Dün geceki beraberlikten sonra artık Süper Lig'de puan
kaybetmeyen hiçbir takım kalmadı. Daha önceki 3 maçta bol gol ve
gol pozisyonu bulan Galatasaray'dan Antalyaspor karşısında eser
yoktu. Üstelik yine sezon başından beri yedikleri gollere
bakıyoruz, hep yan top... Dün gece de yine bir yan toptan gol
yiyip, iki puan kaybettiler.
Aslında maça baktığımızda kısır bir mücadele oldu. Galatasaray'ın
attığı gol dışında pozisyonu yok. Herhalde yediği gole de pozisyon
demezsek verdiği pozisyon bile yok. İlk devre Galatasaray diğer
maçların aksine, saldırmadan ileride pres yapmadan, kontrollü
başladı. Tipik İtalyan takımlarının oynadığı gibi iyi kapanmaya
çalıştılar, alan daralttılar ama bir şeyi eksik yaptılar. Topa
sahip olamadılar, ileride top tutamadılar. Tam işler sıkıntılı hale
girmişti ki ortaya Belhanda, Rodrigues ve Gomis üçlüsü çıkıverdi.
İşte bu üç ayaktan ancak kaliteli olanların yapabileceği tipte bir
gol geldi. Rodrigues çok çabuk bir şekilde sağdan defansın arkasına
sarktı, Belhanda onun önüne çok iyi yuvarladı, Gomis de daha önce
attığı gollere benzer bir şekilde sağdan gelen topa ayak içiyle
dokunuverdi.

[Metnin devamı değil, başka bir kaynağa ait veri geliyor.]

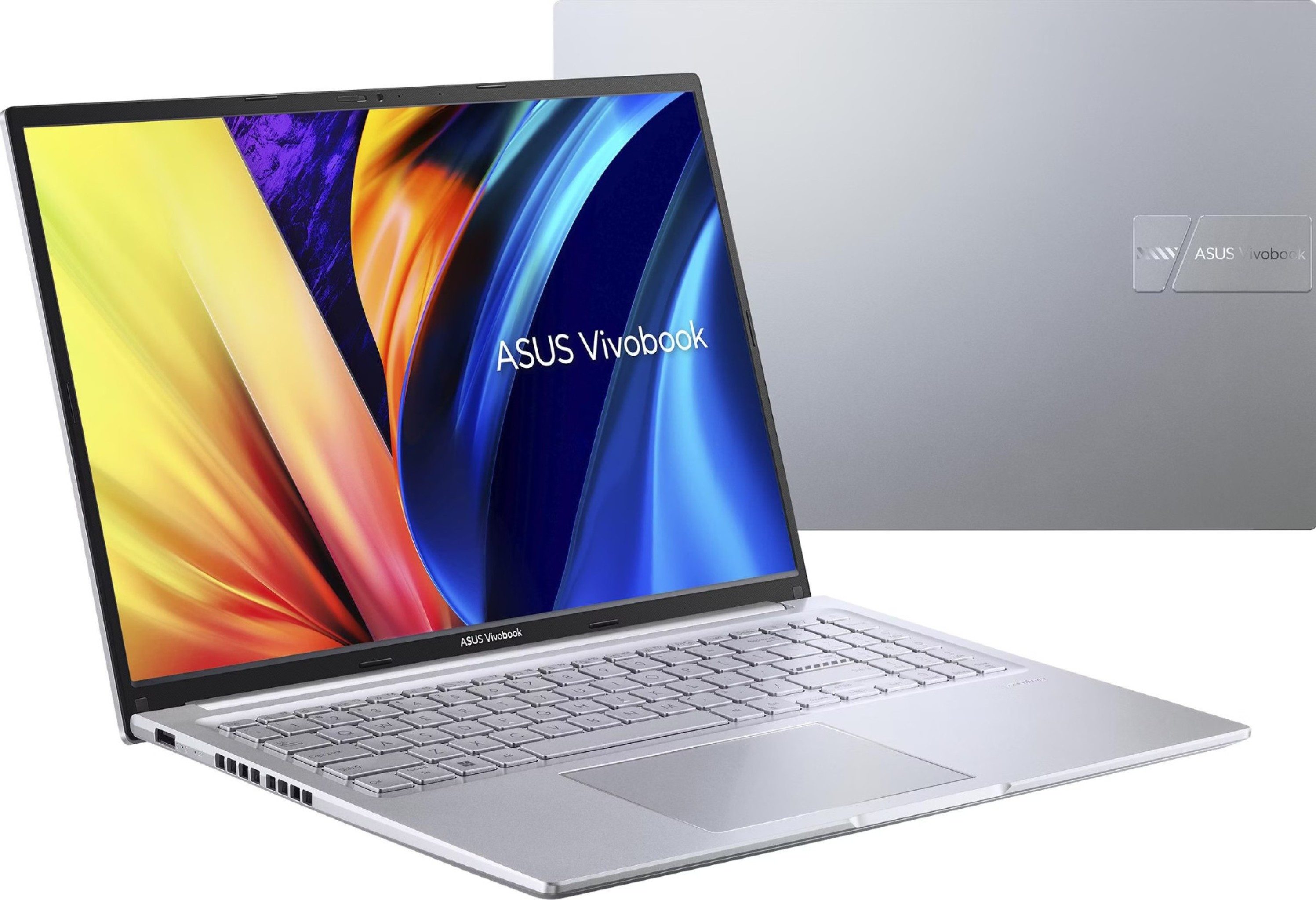 16" Asus Vivobook Intel Core i3 4.5GHz 16GB 512GB Windows 11 Office 24 Notebook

Herhalde Gomis'in en rahat attığı, adeta bir meleke
haline gelmiş gol tipi dün geceki attığı gol... Sağ ayak içini
şartlar ne olursa olsun çok iyi kullanıyor. Baskıda da olsa, açısı
dar da olsa mutlaka boşluğu bulup, golü yapıyor. Bu golden sonra
sıcağın da etkisiyle tempo çok düştü. İkinci yarı Galatasaray bütün
inisiyatifi rakibine kaptırdı. Özellikle son 15 dakika manasız bir
şekilde geriye yaslandı ve futbolun ilahi adaleti Galatasaray'ı
cezalandırıverdi. Antalyaspor korneri hızlı kullandı ve Eto'o
markajsız bir şekilde 3 metreden topu kafayla ağlara yolladı.
Aslında baktığımızda da maçın hakkı beraberlikti. Sahada en önemli
yıldızlardan biri hakem Halis Özkahya'ydı. Zor bir maç olmasa da
kusursuza yakın bir yönetim gösterdi.